Also, you will need to call the cablecard hotline and have them pair your cablecard to your tivo and make sure to ask for them to 1. make sure your account is properly coded for cablecard and 2. they have your device coded as tivopmhost


----------



## b_scott (Nov 27, 2006)

sleepdragon said:


> How are you racking up $30 in fees? I assume $10 is for voice modem rental?
> 
> Also, you will need to call the cablecard hotline and have them pair your cablecard to your tivo and make sure to ask for them to 1. make sure your account is properly coded for cablecard and 2. they have your device coded as tivopmhost


$7 local, $5 sports, $15 taxes.
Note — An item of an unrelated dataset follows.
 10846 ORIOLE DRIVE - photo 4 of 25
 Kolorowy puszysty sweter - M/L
Easy to get to $30.


----------



## schatham (Mar 17, 2007)

X1 becomes the primary box so the cable card is $10 just like any other cable box.

Extra fees using X1 would be HD fee and dvr fee. X1 box rental is $20 plus $10 HD fee. Take $10 off for the X1 being a primary box, but then add $10 for a cable card or x1 satellite boxes.


----------



## leenga (Sep 21, 2007)

Since I've had Tivo in 9/2015 (first a Roamio the a Bolt) I've been charged the following fees with my Starter Double Play package:

Cablecard $1.50
HD Technology Fee $9.95
Customer Owned Equipment -2.50

So I'm reading on here that my cable card should have been free and I shouldn't have had an HD fee?? 
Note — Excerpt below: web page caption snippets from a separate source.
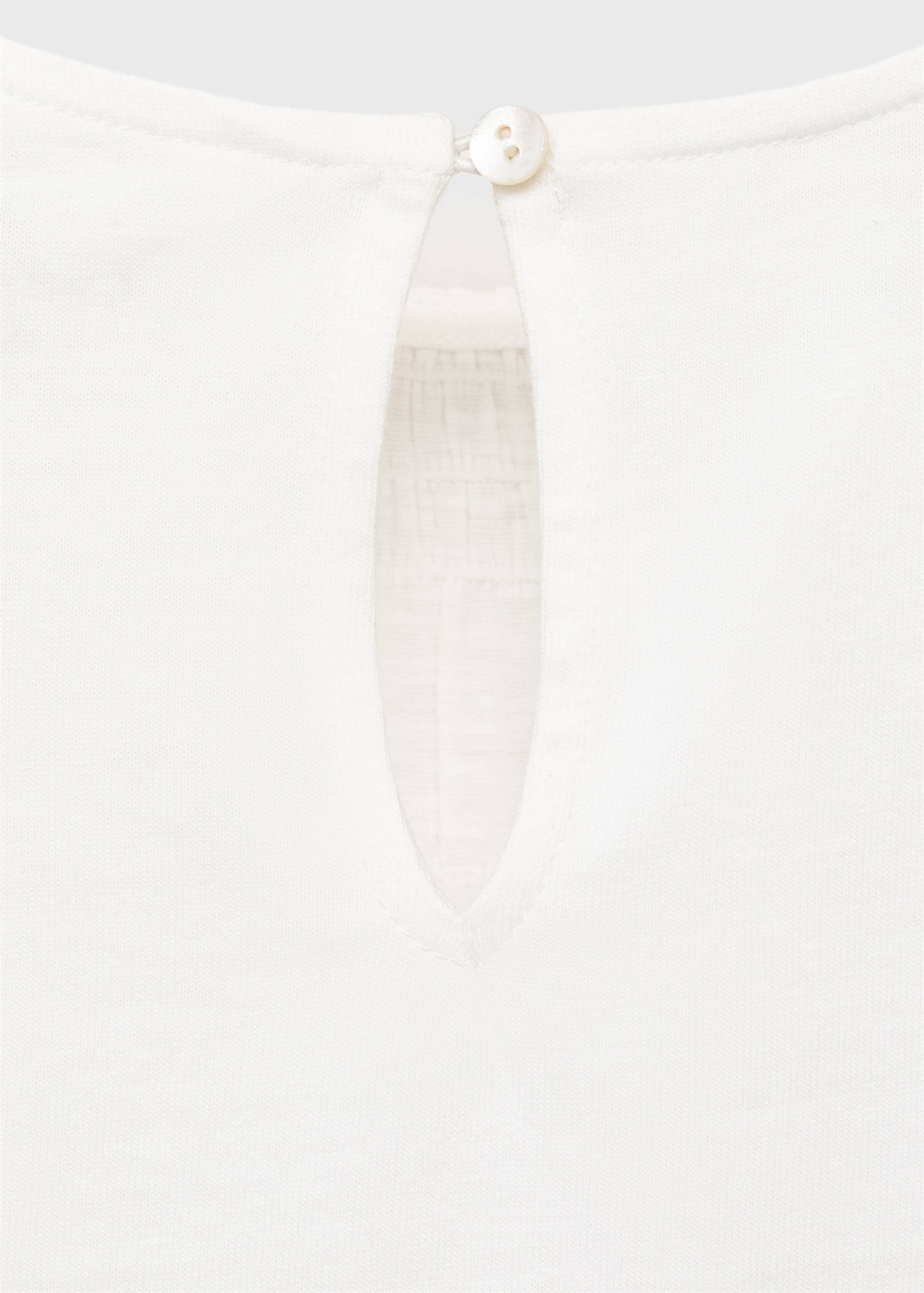 Long-sleeved t-shirt with ruffles - Details of the article 0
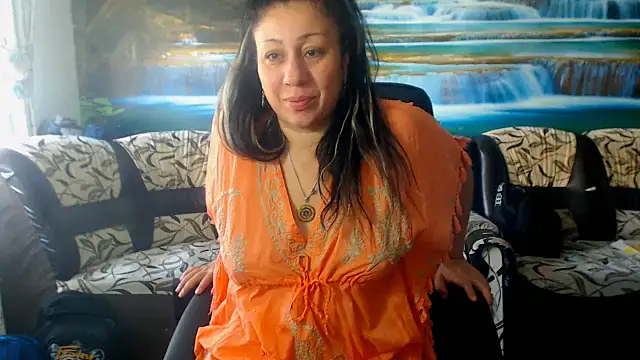 MoistMady online show from September 2025 06:52:02 AM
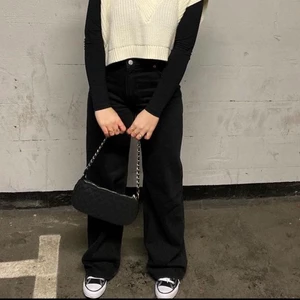 Baggie jeans  - Jätte snygga svarta baggie jeans från monki. Använda fåtal gånger och säljs pågrund av att dem inte kommer till användning mer. Storlek 38 men passar 36-38. ❤️‍🔥❤️‍🔥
Really, so they've been overcharging me this whole time??

I just switched now to the X1 double play to get lower promo pricing which includes the X1 box with no additional fee.
Now they are charging me $9.95 for my cablecard and an additional outlet.
I'm going to try to return the X1 box and hope I can get the cablecard free and get the COE credit.


----------



## sfhub (Jan 6, 2007)

leenga said:


> Since I've had Tivo (first a Roamio the a Bolt) I've been charged the following fees with my Starter Double Play package:
> 
> Cablecard $1.50
> HD Technology Fee $9.95
> ...


HD fee is a service fee in some markets and a equipment/technology fee in others. If you are in latter market, it shouldn't be charged if your *ONLY* equipment is CableCARD. If former, they may require you to have the fee to get HD channels. In some cases they claim it is service fee, but it is actually a technology fee. You can tell by telling them you don't have any HD capable TVs and to drop the HD service fee and see if you still get the HD channels, worse case, just add it back later.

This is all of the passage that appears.